The environment on the International Space Station changes both plants and astronauts in ways that affect the flavor of space-grown crops.
In 2015, astronauts grew and ate red lettuce on the ISS as part of the Veggie experiment. How did their crop taste? Kjell Lindgren declared the lettuce “awesome,” and JAXA astronaut Kimiya Yui agreed that he liked it. But it tasted slightly more bitter than usual for that type of lettuce. “It tastes like arugula,” said former NASA astronaut Scott Kelly. This did not surprise Dr. Gioia Massa, the NASA project scientist for Veggie. “The plants in this group get more bitter compounds if they’re under some stress,” Massa said in an interview.
Plants experience stress when environmental conditions such as sunlight, temperature, and moisture are outside the ideal range. Damage from disease or insects are other sources of stress. And all Earth life forms, from plants to ants to humans, are stressed by the microgravity environment on the ISS—evolution did not prepare us for weightlessness!
In response to stress, plants produce protective chemicals that can hinder the growth of nearby competing plants, prevent the growth of disease-causing bacteria and fungi, and discourage insects and animals from eating the plants. Natural protective chemicals made by lettuce, chicory, and related plants, known as sesquiterpene lactones, have a bitter taste. Plants under stress make more of these chemicals and taste more bitter. But that’s not a bad thing. Ground-based research suggests that these chemicals are probably beneficial to our health. They help reduce inflammation and prevent tumors in mice.
The astronauts don’t mind the extra bitterness, preferring strong-tasting foods. “In space,” Massa said, “having that enhanced flavor is actually really desirable.” When you’re weightless, the fluids in your tissues and blood vessels shift to be more evenly distributed throughout your body, instead of being pulled down toward your feet. The extra fluid in your head causes slight sinus congestion, which prevents the smell detectors in your nose from working properly. Experiencing the flavor of food involves our senses of both smell and taste. As anyone who’s had a cold knows, it’s hard to enjoy delicate aromas and flavors with a stuffy nose.
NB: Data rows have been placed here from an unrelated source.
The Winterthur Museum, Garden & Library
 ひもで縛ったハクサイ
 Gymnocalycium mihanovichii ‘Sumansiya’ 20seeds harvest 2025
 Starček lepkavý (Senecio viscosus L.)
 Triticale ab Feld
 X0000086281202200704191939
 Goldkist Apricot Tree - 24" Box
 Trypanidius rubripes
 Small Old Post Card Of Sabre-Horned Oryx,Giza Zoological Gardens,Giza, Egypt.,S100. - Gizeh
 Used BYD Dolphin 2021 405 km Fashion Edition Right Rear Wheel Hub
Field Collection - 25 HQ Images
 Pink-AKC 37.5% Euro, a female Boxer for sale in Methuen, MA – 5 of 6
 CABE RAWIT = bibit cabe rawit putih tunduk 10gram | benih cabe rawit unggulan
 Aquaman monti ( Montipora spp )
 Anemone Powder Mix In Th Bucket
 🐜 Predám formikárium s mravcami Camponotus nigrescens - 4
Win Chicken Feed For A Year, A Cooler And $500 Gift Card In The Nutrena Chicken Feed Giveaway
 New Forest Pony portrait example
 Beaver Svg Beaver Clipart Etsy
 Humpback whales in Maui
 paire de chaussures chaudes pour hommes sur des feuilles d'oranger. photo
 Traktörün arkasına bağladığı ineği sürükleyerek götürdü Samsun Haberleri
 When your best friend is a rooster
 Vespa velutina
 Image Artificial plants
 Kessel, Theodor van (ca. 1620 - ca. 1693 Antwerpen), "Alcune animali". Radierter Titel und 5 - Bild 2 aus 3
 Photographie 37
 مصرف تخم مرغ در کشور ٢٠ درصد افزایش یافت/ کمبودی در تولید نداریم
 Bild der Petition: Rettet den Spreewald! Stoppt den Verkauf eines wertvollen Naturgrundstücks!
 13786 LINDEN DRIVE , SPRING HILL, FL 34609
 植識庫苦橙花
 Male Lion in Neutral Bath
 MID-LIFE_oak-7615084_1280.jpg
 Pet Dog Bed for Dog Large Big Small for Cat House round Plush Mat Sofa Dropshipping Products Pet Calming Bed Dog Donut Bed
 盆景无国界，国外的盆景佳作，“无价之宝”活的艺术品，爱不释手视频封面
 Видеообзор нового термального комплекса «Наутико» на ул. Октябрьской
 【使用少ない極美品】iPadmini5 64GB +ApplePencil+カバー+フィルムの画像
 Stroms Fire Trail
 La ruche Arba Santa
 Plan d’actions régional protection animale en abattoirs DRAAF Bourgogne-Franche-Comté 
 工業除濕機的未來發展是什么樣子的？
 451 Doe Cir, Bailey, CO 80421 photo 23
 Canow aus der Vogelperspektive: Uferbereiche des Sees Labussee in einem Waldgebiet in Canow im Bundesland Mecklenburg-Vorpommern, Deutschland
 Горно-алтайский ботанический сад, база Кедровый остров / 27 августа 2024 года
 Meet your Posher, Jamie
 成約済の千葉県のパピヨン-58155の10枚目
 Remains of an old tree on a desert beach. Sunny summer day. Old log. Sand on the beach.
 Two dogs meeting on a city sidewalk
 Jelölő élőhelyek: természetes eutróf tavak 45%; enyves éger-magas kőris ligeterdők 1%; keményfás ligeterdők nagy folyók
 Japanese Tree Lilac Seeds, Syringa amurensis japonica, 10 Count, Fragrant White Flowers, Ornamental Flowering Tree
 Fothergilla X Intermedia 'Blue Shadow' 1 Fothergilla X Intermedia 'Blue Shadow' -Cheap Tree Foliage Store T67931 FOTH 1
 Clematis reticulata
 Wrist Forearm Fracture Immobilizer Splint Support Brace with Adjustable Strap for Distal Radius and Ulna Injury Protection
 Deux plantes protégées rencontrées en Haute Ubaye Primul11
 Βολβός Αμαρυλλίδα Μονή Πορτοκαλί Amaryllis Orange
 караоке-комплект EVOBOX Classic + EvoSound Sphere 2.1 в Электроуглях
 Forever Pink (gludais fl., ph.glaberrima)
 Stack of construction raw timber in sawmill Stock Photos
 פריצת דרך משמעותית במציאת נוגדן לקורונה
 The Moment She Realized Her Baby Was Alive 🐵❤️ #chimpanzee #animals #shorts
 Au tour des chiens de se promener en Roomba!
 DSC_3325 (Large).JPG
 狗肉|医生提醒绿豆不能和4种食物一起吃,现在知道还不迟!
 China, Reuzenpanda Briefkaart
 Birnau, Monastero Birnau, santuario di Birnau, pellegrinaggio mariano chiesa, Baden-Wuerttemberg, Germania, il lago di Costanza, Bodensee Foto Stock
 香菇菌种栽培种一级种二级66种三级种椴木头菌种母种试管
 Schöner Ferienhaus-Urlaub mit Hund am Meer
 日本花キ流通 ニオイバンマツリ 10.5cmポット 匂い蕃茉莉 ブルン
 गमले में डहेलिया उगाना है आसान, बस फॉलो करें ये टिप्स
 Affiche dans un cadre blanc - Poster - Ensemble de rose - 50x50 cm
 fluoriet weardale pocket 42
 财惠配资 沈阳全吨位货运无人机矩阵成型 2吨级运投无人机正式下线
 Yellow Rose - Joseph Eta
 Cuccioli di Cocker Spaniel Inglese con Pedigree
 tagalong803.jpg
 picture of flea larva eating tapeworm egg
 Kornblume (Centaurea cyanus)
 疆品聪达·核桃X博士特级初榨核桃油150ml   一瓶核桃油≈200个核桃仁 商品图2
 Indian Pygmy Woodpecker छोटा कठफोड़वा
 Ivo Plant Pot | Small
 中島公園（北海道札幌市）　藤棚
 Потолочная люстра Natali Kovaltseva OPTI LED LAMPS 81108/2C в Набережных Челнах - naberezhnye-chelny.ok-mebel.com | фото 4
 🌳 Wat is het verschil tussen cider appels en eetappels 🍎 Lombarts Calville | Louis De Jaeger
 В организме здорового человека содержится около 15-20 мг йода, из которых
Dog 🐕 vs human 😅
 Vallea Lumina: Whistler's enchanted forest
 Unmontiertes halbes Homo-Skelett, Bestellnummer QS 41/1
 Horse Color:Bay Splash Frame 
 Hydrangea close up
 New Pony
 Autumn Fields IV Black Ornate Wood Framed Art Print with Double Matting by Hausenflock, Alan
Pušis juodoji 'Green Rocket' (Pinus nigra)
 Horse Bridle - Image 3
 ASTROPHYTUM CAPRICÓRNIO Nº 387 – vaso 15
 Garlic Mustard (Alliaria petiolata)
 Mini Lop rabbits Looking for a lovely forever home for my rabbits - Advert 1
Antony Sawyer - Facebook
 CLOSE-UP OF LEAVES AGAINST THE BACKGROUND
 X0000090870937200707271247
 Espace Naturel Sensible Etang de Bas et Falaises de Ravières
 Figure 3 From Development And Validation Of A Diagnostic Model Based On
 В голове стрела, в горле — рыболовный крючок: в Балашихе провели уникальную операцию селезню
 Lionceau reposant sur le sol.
The astronauts’ noses might be stuffy, but their taste buds still work, so they can detect fundamental tastes such as sweetness, saltiness, and bitterness. They can also detect the heat of spicy foods. During his time as commander of the ISS, Canadian astronaut Chris Hadfield said, “Eating in space is like eating with a head cold. You just can’t taste very much. So because of this, a lot of our food tastes kind of bland. That’s why we like especially spicy food here, like shrimp cocktail with horseradish sauce. It’s probably my all-time favorite because it has a real bite.”
So the answer is yes: lettuce does taste different in space, partly because the plant makes bitter chemicals under stress, and partly because living in microgravity affects your senses of smell and taste!